# Anyone have insurance questions?



## Plow Meister (Oct 16, 2001)

My wife has been in commercial insurance for about 7 years and in the industry for over 10 years. She really knows her stuff. If anyone has any questions, I will be happy to forward them to her. Maybe even get her on here personally . Ireally need to get her interested in MY passion of plowing.

Also understand, she can not give quotes without a lot of detailed information. Most of this information is too lengthly to post in a thread.


----------



## ratlover (May 5, 2003)

PM inbound


----------



## Plow Meister (Oct 16, 2001)

Check your pm's


----------



## IndySnowPlowers (Feb 5, 2003)

So your wife is in the insurance biz huh Chris?!

Kip and I might be giving you a call then...she'll hook us up good...right?


----------



## Plow Meister (Oct 16, 2001)

Any time 

I don't want anyone here to think that I am pimping my wife out so she can sell insurance. That is not my goal. Like many other members here, I have a passion for the snow plow industry and I really do want to see people suceed in the biz. Wether it is construction, lawn care, escort service , whatever. I am a firm believer in CYA!

Steve, you and Kip should both have my number and my dc id#. When you are ready, give me a holler and I will hook you up with wifey.


----------



## NJ Plowman (Dec 10, 2003)

Hey Plow Meister,

I have a neighbor here in New Jersey that needs some plowing insurance for one truck. He only does 2 commercial accounts but wants to get some insurance. If you or your wife can give me a call at 201-336-6860 during the day, I would appreciate it, he is looking to get it ASAP.


----------



## Plow Meister (Oct 16, 2001)

To be perfectly honest, I don't think he will make enough money from these two accounts to even come close to paying the additional insurance required. I just spoke with a guy that spent $1200.00 on the commercial vehicle policy for the truck. This didn't include any additional insurance like a blanket or a rider for "slip and fall" stuff. I can't quote stuff over the board. I can only give advice.

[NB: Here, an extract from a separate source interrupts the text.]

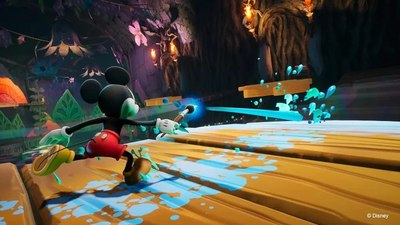 Игра для игровой консоли PlayStation 5 Disney Epic Mickey: Rebrushed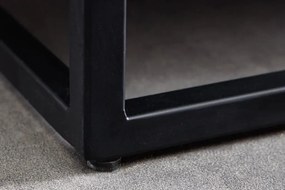 Comoda inalta design industrial vintage Barracuda 120cm, maro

As soon as I get my home office up and running, I will get my web site up and pay Sean to advertise. Only then will I be able to legitimately sell insurance here. Until then, I would tell your friend to call Progressive insurance. They write commercial policies for snowplowing in almost all states.


----------



## NJ Plowman (Dec 10, 2003)

Well, what would you say basic commercial insurance would cost for one truck? Would the $1200.00 do it or could he get it a little cheaper? What would it cover?


----------



## Plow Meister (Oct 16, 2001)

The $1200.00 would be full coverage on the vehicle and coverage if you hit something or someone or something while you were traveling between jobs or the act of plowing. It would not cover you if someone slipped on ice and tried to sue you. It would not cover you in the event your truck broke down and couldn't plow the lot. That would be considered negligence on your behalf. If there was 2" of snow on the property and you didn't plow it in the time alloted, anything that happens on that property can be your liability. Especially if you have a contract that spells out when, where, and how much, etc. There was a thread somewhere about a plower that was found not guilty in an insurance settlement because his contract stated a minimum amount of snowfall and there was less than that on the ground. Someone had an accident and tried to sue the plower. Granted, he won the case, but that is nother aspect of commercial plowing that you need to be covered for. Everyone here will tell you the three magic letters are "CYA". Cover Your A$$. In every possible way. Insurance is only one aspect of coverage. Many people here have spens hundreds and thousands of dollars creating contracts for customers to sign. These contracts work WITH your insurance coverage. 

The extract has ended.